Building a Database of Specimens

More than 3 billion animals and insects are sitting around the world in jars of alcohol, and soon there will be an online database to account for them all. Stewart Taggart reports from Sydney, Australia.

SYDNEY, Australia -- In a windowless back room of the Australian Museum, there's a place called the "Spirit House."

Thousands of animal specimens are kept there, preserved in jars of alcohol. Most are identified by little more than dusty paper cards or crusty labels --? a tribute to pre-computer-era science.

Around the world, roughly 3 billion such animal and plant specimens sit in places like the Australian Museum,? with no comprehensive electronic means for researchers to share data about them. Now, after nearly five years of negotiations, a major effort is underway to create an international electronic lingua franca for this sleeping scientific bounty.
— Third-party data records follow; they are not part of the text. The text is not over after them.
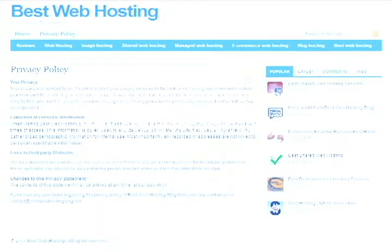If you want more details, please search www.bestwebhostingblog.net. Thank you.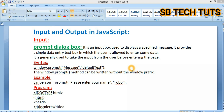In this video, we will explain the input and output statement.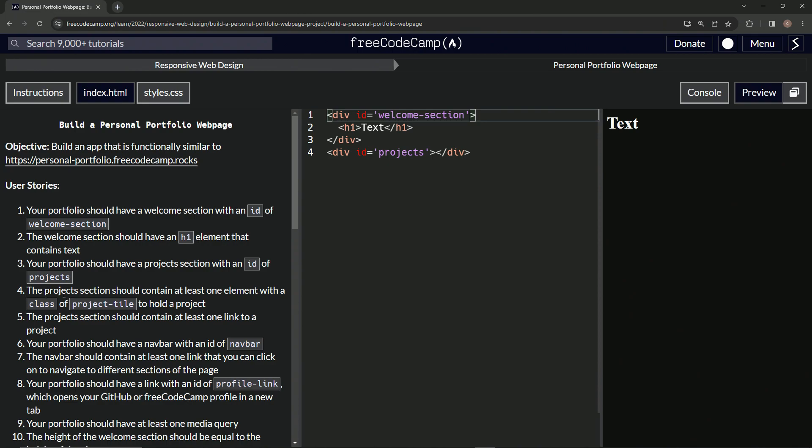So the projects section should contain at least one element with a class of project-tile to hold a project. Okay, at least one element.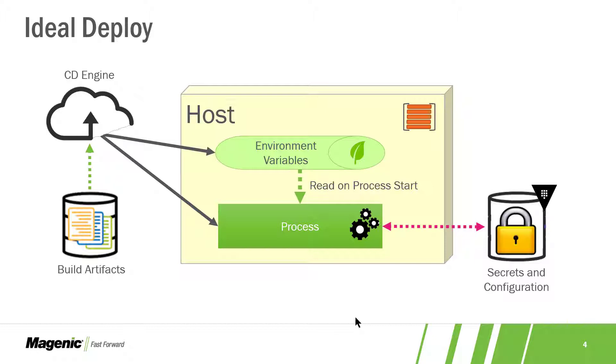The easiest way to do that is to set some basic environment variables on the host during the deploy and deploy the process from the build artifacts. Then when the deployed application starts, reach out to a secrets and configuration store, give it some of the environment variables and get the values back. That's the ideal thing to do.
Earlier this month, 18 nations agreed to establish the Global Biodiversity Information Facility (GBIF) in Copenhagen, which will establish a standard method for data exchange about such specimens for researchers in different countries. By developing a kind of online phone book of the world's major plant and animal collections, the potential for new scientific discoveries could be huge.

Among the possibilities?

Bio prospectors could follow up interesting drug leads should compounds in one plant be found to have cousins or distant relations in other lands. More sophisticated conservation programs could be developed as more information on natural environments becomes available across political borders. And plant and animal migration theories could be altered as researchers find new genetic links among animals of different continents.

But the big task right now is just getting the stuff online. As a database project, it could make the Human Genome Project look simple by comparison.

"Man has been collecting biological data for centuries," said Dr. John Curran, assistant chief of the Commonwealth Scientific and Industrial Research Organization's division of Entomology (aka insects). "The genome people had the advantage in that they started collecting and working with their data after computers existed."

To get an idea of the challenges ahead, go back to the Spirit House. There, a 19th-century offline archival system holds sway, based largely on elaborate cursive script and paper tags. Getting it all into data fields parsed by mainframe computers will be a huge task.

And that's just the headache facing the Australian Museum in Sydney, which has an estimated 7 million specimens in its animal collections. In Canberra, the Australian National Insect Collection holds roughly 11 million insect specimens. Australia's seven major herbariums located around the country have nearly 6 million specimens among them.

And this tally is just for a few select institutions in Australia. Similar numbers no doubt exist in other countries with equally large collections. What's more, the databasing task is both quantitative and qualitative.

For instance, among Australia's herbariums, only 40 percent of the data on specimens is currently in any kind of electronic form suitable for inclusion in GBIF, said Dr. Judy West, director of Australia's Center for Plant Biodiversity Research.

The rest of the data still needs to be entered into computers, and much of it lacks a lot of the detail today's researchers want, such as the precise GPS location of where specimens were collected. Collectors in, say, 1850, did not have that technology, said West. Therefore, much of that data may have to be reverse-engineered as closely as possible, she said. Some of Australia's specimens date from as early as 1770.

Nonetheless, the 18 countries that have signed up for the initial stage of the GBIF agree the ramifications of such linked data will be staggering, and the project will require a multidisciplinary? approach once it gets going.

"GBIF will provide an unparalleled source of biodiversity information," said GBIF Chairman Christoph Haeuser, a biodiversity researcher at the Stuttgart State Museum. "People will be able to use this facility from anywhere in the world to access geographical, ecological, genetic and taxonomic information."

The origin of GBIF dates to January 1996, when the Organization for Economic Cooperation and Development (OECD) agreed that more broadly available information on earth's biodiversity was critically important to society, but was being bottled up by database incompatibilities across nations and offline archiving.

GBIF was established in mid-2000, and earlier this month Copenhagen was selected as its headquarters, beating out rival bids from Australia, Spain and Holland. Now that the headquarters location is fixed, the real work can start. And the sooner the better, because many plant and animal collections continue to grow at a rapid rate.

The sooner electronic standards are created, the less work will need to be done down the line to get collections ready.

And as this bread-and-butter work gets done, the real payoff will come as GBIF's databases increasingly are parsed along other databases of similar magnitude, such as those for climate records, environment and geography.

"Once you lash together all this information, who knows what questions we could be asking as scientists?" Curran said. "The other databases are much farther along. Biological data is in many ways the laggard here."